### TASK GOAL
Print, word for word, the line containing "Znak drogowy z" and all lines beneath it to the end of the entries below. Pictures do not belong in the copy.

### SOURCE MATERIAL
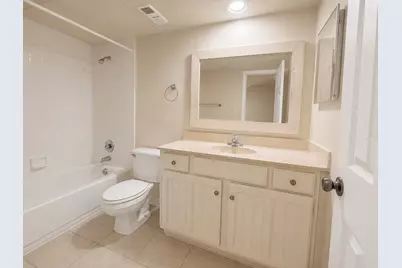 2110 Wilcrest Drive #101, Houston, TX 77042 - Photo 16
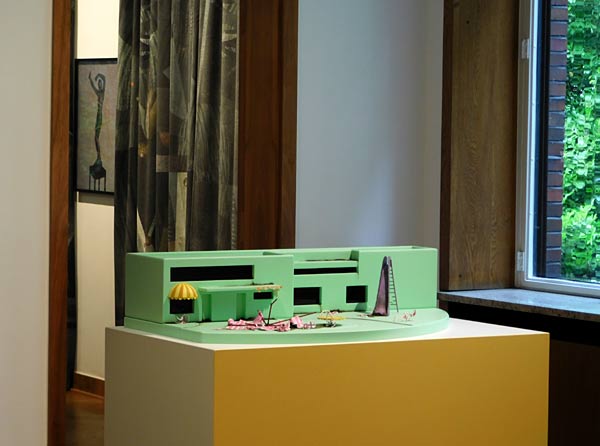 Ausstellung 'Teilweise möbliert, exzellente Aussicht' im Haus Lange in Krefeld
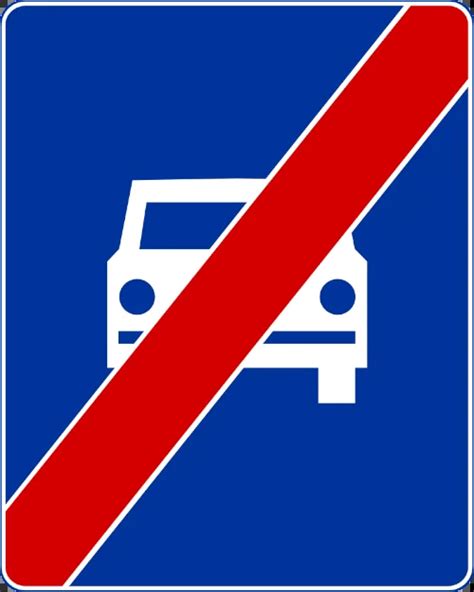 Znak drogowy z przekreślonym silnikiem, symbolizujący zmiany prawne w kwestii rejestracji silników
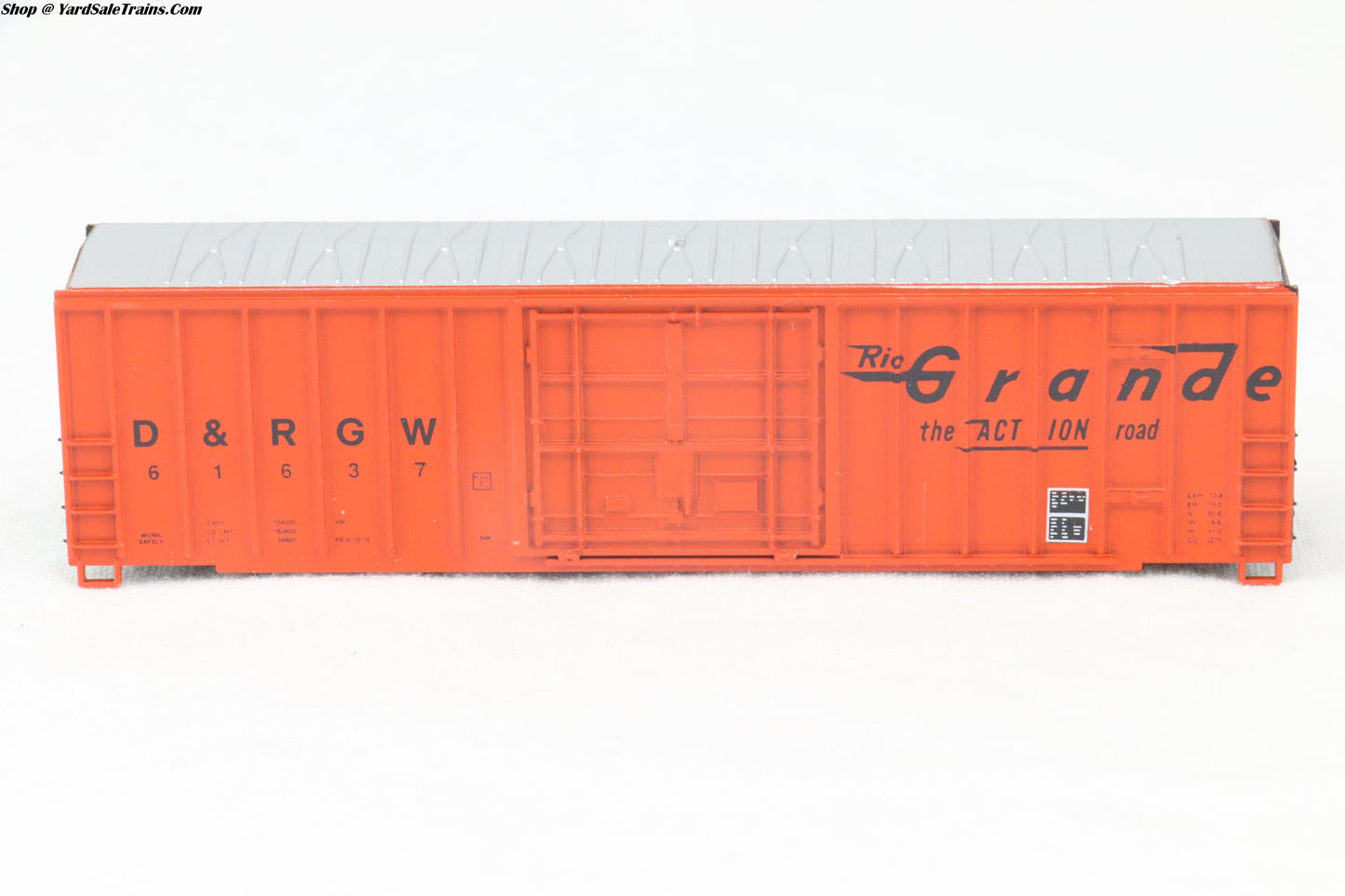 RND-8827 - Ribbed Side Boxcar Kit - Rio Grande - D&RGW #61637 - N-Scale - Preowned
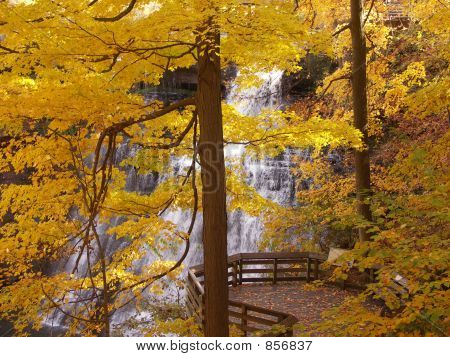 Cascata in lontananza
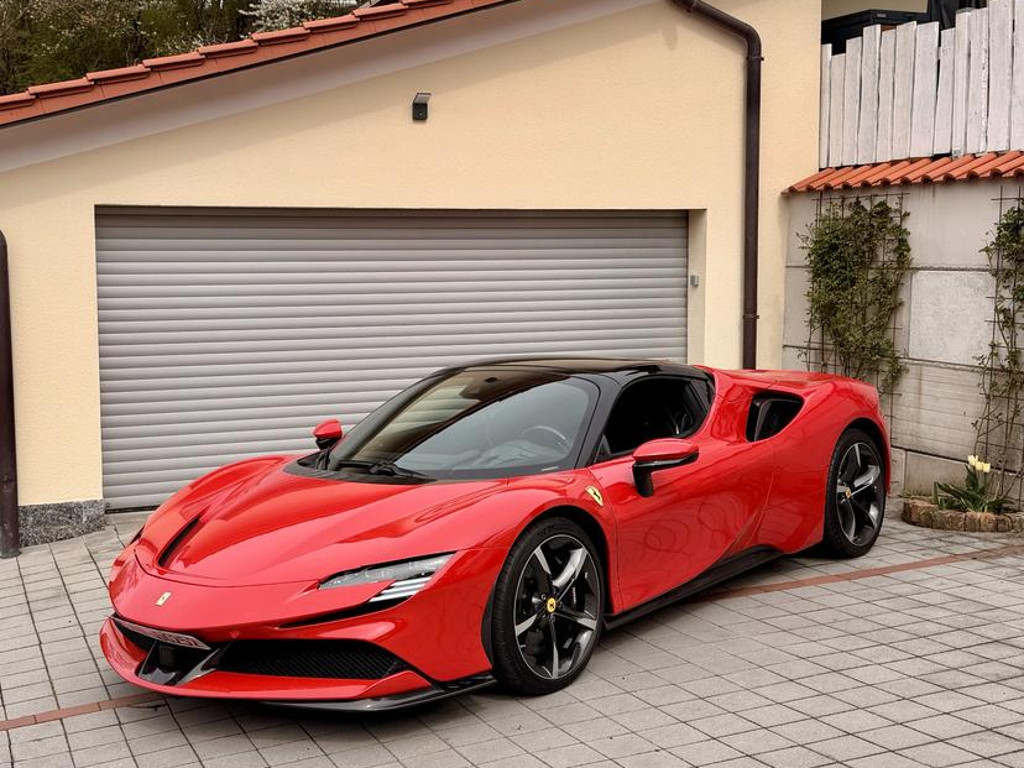 Ferrari SF90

### RESULT OF THIS EXERCISE
 Znak drogowy z przekreślonym silnikiem, symbolizujący zmiany prawne w kwestii rejestracji silników
 RND-8827 - Ribbed Side Boxcar Kit - Rio Grande - D&RGW #61637 - N-Scale - Preowned
 Cascata in lontananza
 Ferrari SF90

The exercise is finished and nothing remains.